Applying patch "/Share/haikuports/haiku-apps/documentviewer/patches/45.patch" ...
/Share/haikuports/haiku-apps/documentviewer/patches/45.patch:97: space before tab in indent.
        uint32 index = 0;
/Share/haikuports/haiku-apps/documentviewer/patches/45.patch:371: space before tab in indent.
                                                                                uint32 const& height, int const& rotation = 0) = 0;
/Share/haikuports/haiku-apps/documentviewer/patches/45.patch:498: space before tab in indent.
        virtual std::unique_ptr<BBitmap>        RenderBitmap(int const& pageNumber,uint32 const& width,
/Share/haikuports/haiku-apps/documentviewer/patches/45.patch:499: space before tab in indent.
                                                                                uint32 const& height, int const& rotation = 0);
/Share/haikuports/haiku-apps/documentviewer/patches/45.patch:569: space before tab in indent.
        virtual std::unique_ptr<BBitmap> RenderBitmap(int const& pageNumber,uint32 const& width,
warning: squelched 1 whitespace error
warning: 6 lines add whitespace errors.

Please open an issue about this at the DocumentViewer GitHub repo and make sure you attach 1 or 2 of the PDF files that cause the problem.

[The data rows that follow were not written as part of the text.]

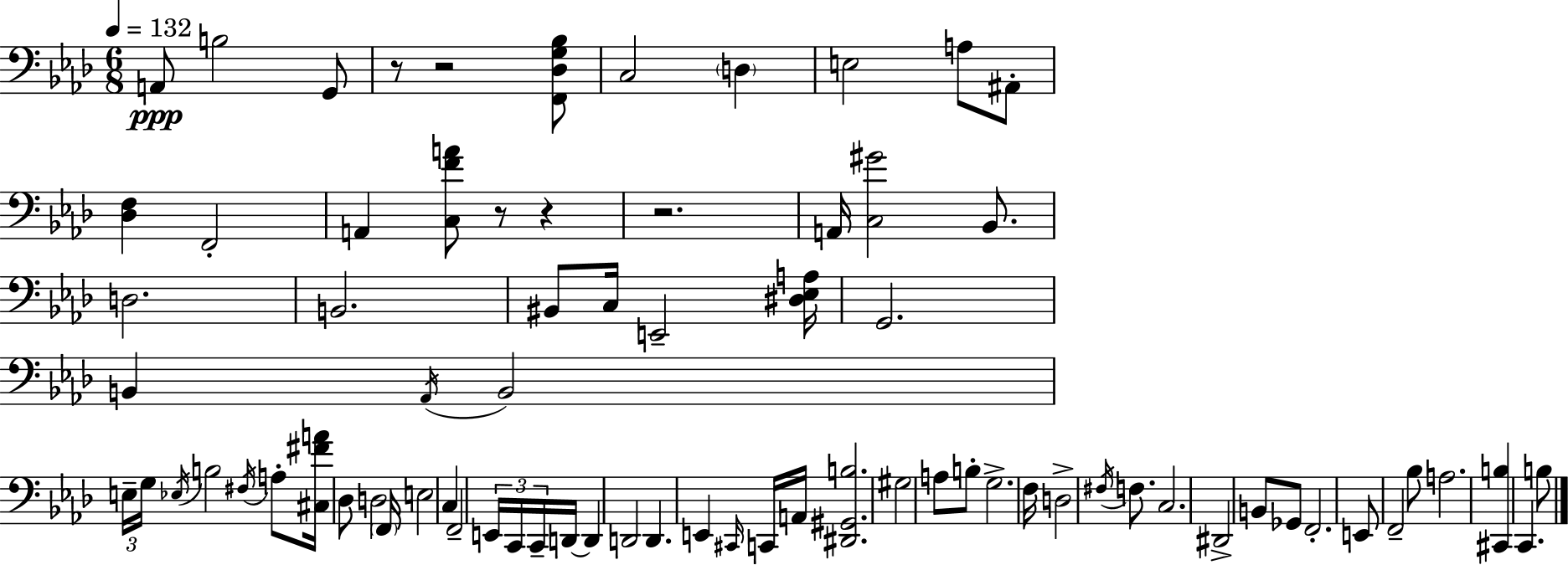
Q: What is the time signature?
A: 6/8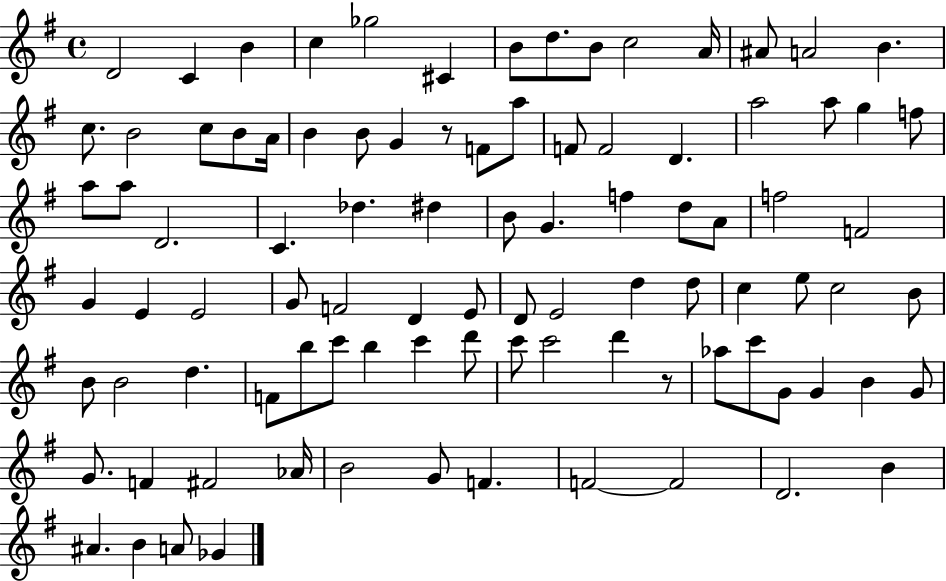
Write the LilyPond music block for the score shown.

{
  \clef treble
  \time 4/4
  \defaultTimeSignature
  \key g \major
  \repeat volta 2 { d'2 c'4 b'4 | c''4 ges''2 cis'4 | b'8 d''8. b'8 c''2 a'16 | ais'8 a'2 b'4. | \break c''8. b'2 c''8 b'8 a'16 | b'4 b'8 g'4 r8 f'8 a''8 | f'8 f'2 d'4. | a''2 a''8 g''4 f''8 | \break a''8 a''8 d'2. | c'4. des''4. dis''4 | b'8 g'4. f''4 d''8 a'8 | f''2 f'2 | \break g'4 e'4 e'2 | g'8 f'2 d'4 e'8 | d'8 e'2 d''4 d''8 | c''4 e''8 c''2 b'8 | \break b'8 b'2 d''4. | f'8 b''8 c'''8 b''4 c'''4 d'''8 | c'''8 c'''2 d'''4 r8 | aes''8 c'''8 g'8 g'4 b'4 g'8 | \break g'8. f'4 fis'2 aes'16 | b'2 g'8 f'4. | f'2~~ f'2 | d'2. b'4 | \break ais'4. b'4 a'8 ges'4 | } \bar "|."
}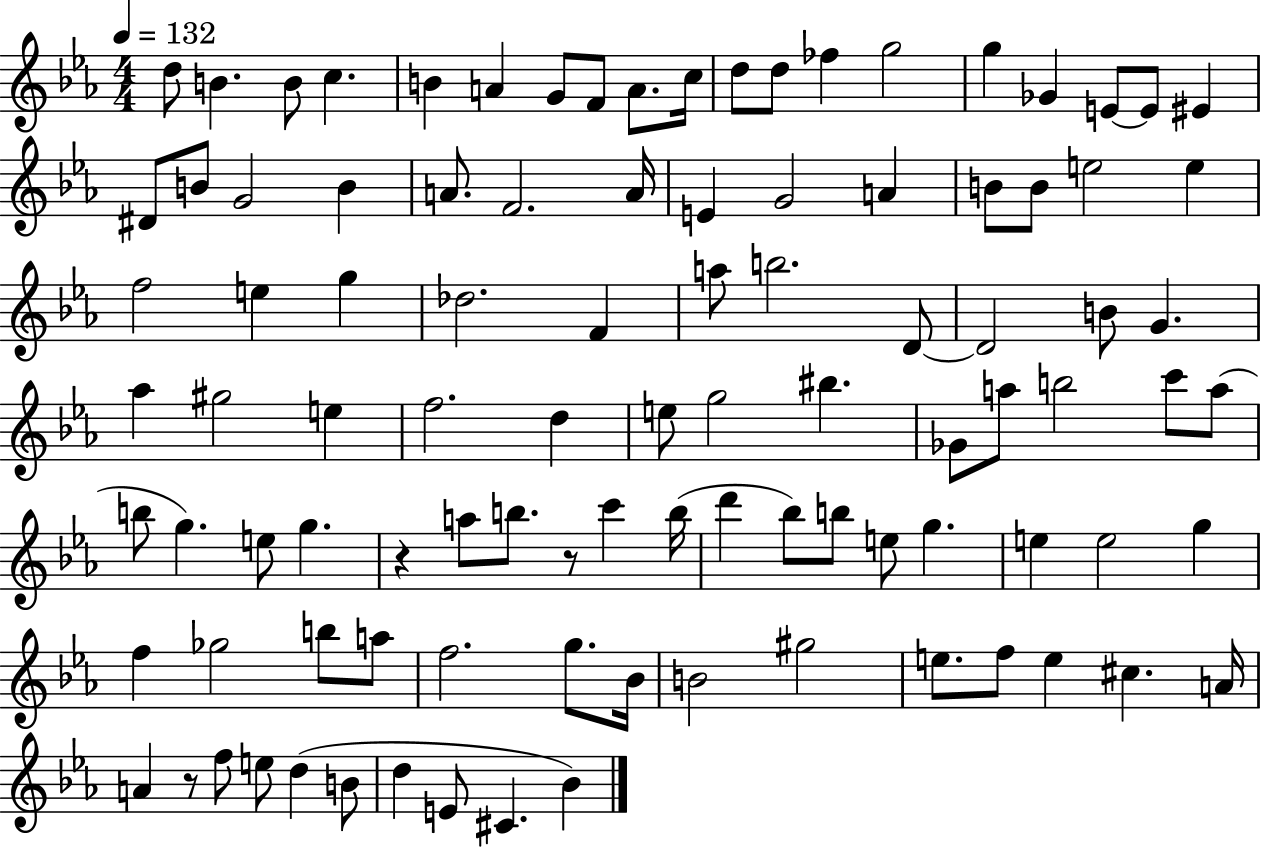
D5/e B4/q. B4/e C5/q. B4/q A4/q G4/e F4/e A4/e. C5/s D5/e D5/e FES5/q G5/h G5/q Gb4/q E4/e E4/e EIS4/q D#4/e B4/e G4/h B4/q A4/e. F4/h. A4/s E4/q G4/h A4/q B4/e B4/e E5/h E5/q F5/h E5/q G5/q Db5/h. F4/q A5/e B5/h. D4/e D4/h B4/e G4/q. Ab5/q G#5/h E5/q F5/h. D5/q E5/e G5/h BIS5/q. Gb4/e A5/e B5/h C6/e A5/e B5/e G5/q. E5/e G5/q. R/q A5/e B5/e. R/e C6/q B5/s D6/q Bb5/e B5/e E5/e G5/q. E5/q E5/h G5/q F5/q Gb5/h B5/e A5/e F5/h. G5/e. Bb4/s B4/h G#5/h E5/e. F5/e E5/q C#5/q. A4/s A4/q R/e F5/e E5/e D5/q B4/e D5/q E4/e C#4/q. Bb4/q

The whitespace situation (tabs vs. spaces, sometimes both) was pretty messy when I first touched the DocumentViewer code, there was a warning about misleading indentation, which I fixed (at least g++ is happy with the code now). haikuporter seems to be bit more picky, so it is entirely possible that my changes introduced some more whitespace problems while fixing others.

I’ll drop by on IRC later in the day, maybe we can sort this out quickly.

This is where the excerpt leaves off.